福岡市動物園によるアジアゾウ輸入の中止を求める要望書

時下ますますご清栄のこととお喜び申し上げます。

表題の件、飼育下のゾウは本来のニーズを満たすことができず、多くが精神疾患に苦しむことが知られています。これを理由に欧米を中心にゾウの飼育を諦める動物園が増えており、英国ではゾウの輸入を禁止し、現在国内で飼育しているゾウの数を減らしていく法案が2021年末に議会に提出される予定です。また英国の慈善団体アスピナル基金は7月5日、英ケントの動物園から13頭のゾウをケニアに移送し自然に戻す計画を発表しました。

福岡市動物園は3,000平方メートルのゾウ舎を建設しゾウを4頭輸入するとのことですが、どんなに広いゾウ舎を建てても飼育下でゾウのニーズを満たすことはできません。それは、6,000平方メートルのゾウ舎を持つ豊橋総合動植物園「のんほいパーク」で今年5月にインドから輸入されたゾウがストレスから常同行為を起こしていることを見ても明らかです。

今回の輸入はアジアゾウの生息域外保全を目的にしたものと発表されていますが、私はアジアゾウを日本の動物園に輸入して飼育し繁殖させることが生物多様性の保全につながるとは思いません。

生物多様性条約の第9条(a)で「生息域外保全は生息域内における措置を補完するため」であり、「生息域外保全のための措置を原産国においてとることが望ましい」とされています。また同条(c)では「脅威にさらされている種を回復し、自然の生息地に再導入するための措置をとること」とあります。
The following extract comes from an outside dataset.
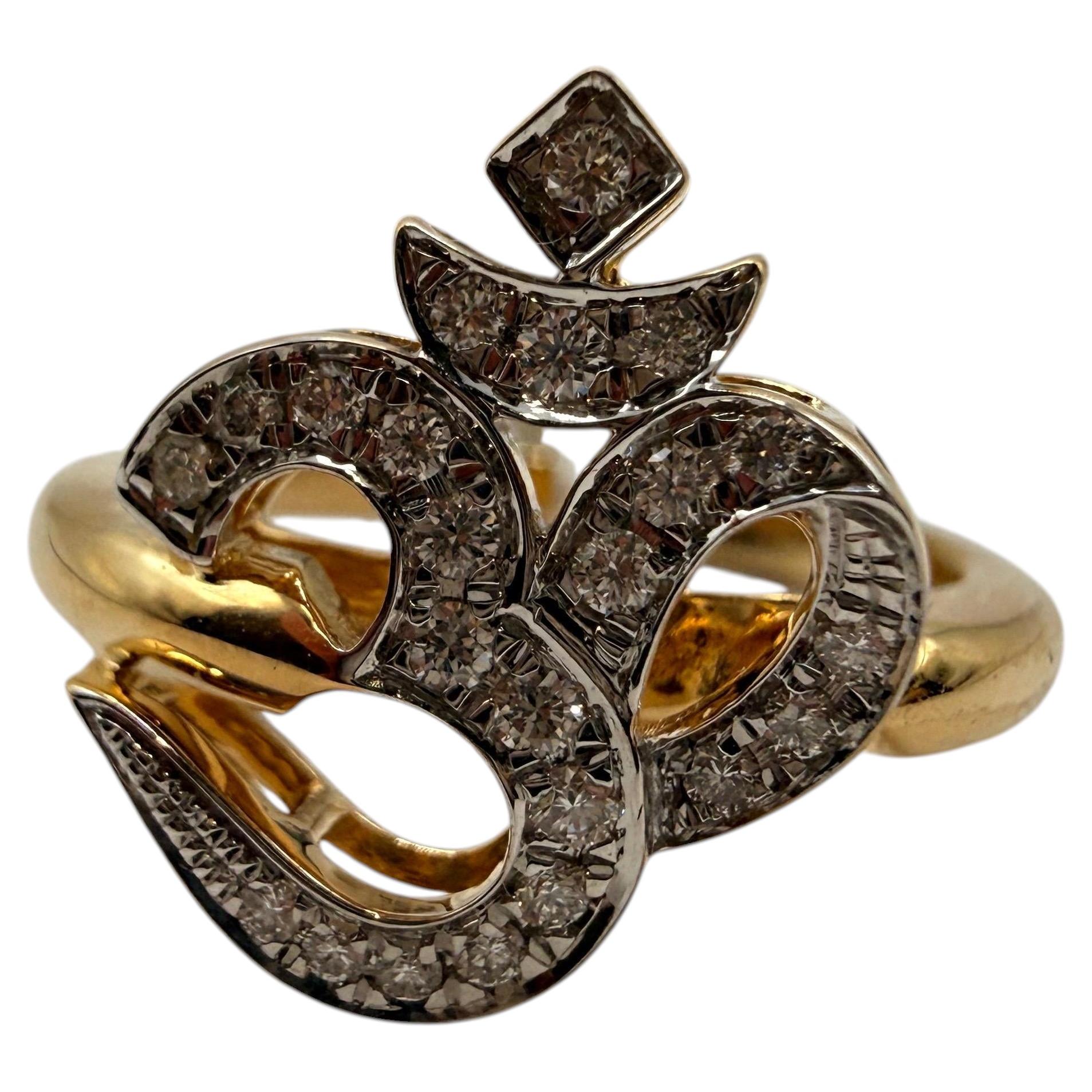 Stunning OM diamond ring 18KT gold For Sale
野生のアジアゾウを本来の生息地において保護し、飼育下で繁殖したゾウを生息地に戻すことができないのであれば、生物多様性を保全することにならないと考えます。アジアゾウの保全を考えるのであれば、本来の生息地であるミャンマーで、飼育下のゾウたちに野生の環境を与えるサンクチュアリの設置を支援するなど他の方法をとるほうが有効だと思います。

つきましては、アジアゾウの輸入中止をご英断いただきたく、ここに強く要望いたします。国内にはすでに120頭以上のゾウが飼育されています。たった1頭で飼育され、精神を病んだゾウが10頭以上います。またブルフックによる体罰を受けてショーやゾウライドなど人間の娯楽に利用されるゾウもいます。福岡市動物園で建築中の新しいゾウ舎は、こうした劣悪な環境で飼育されている国内のゾウを保護する施設にしてください。新たな輸入によりこれ以上、不幸なゾウを増やさないでください。

ご検討の程、どうぞよろしくお願い申し上げます。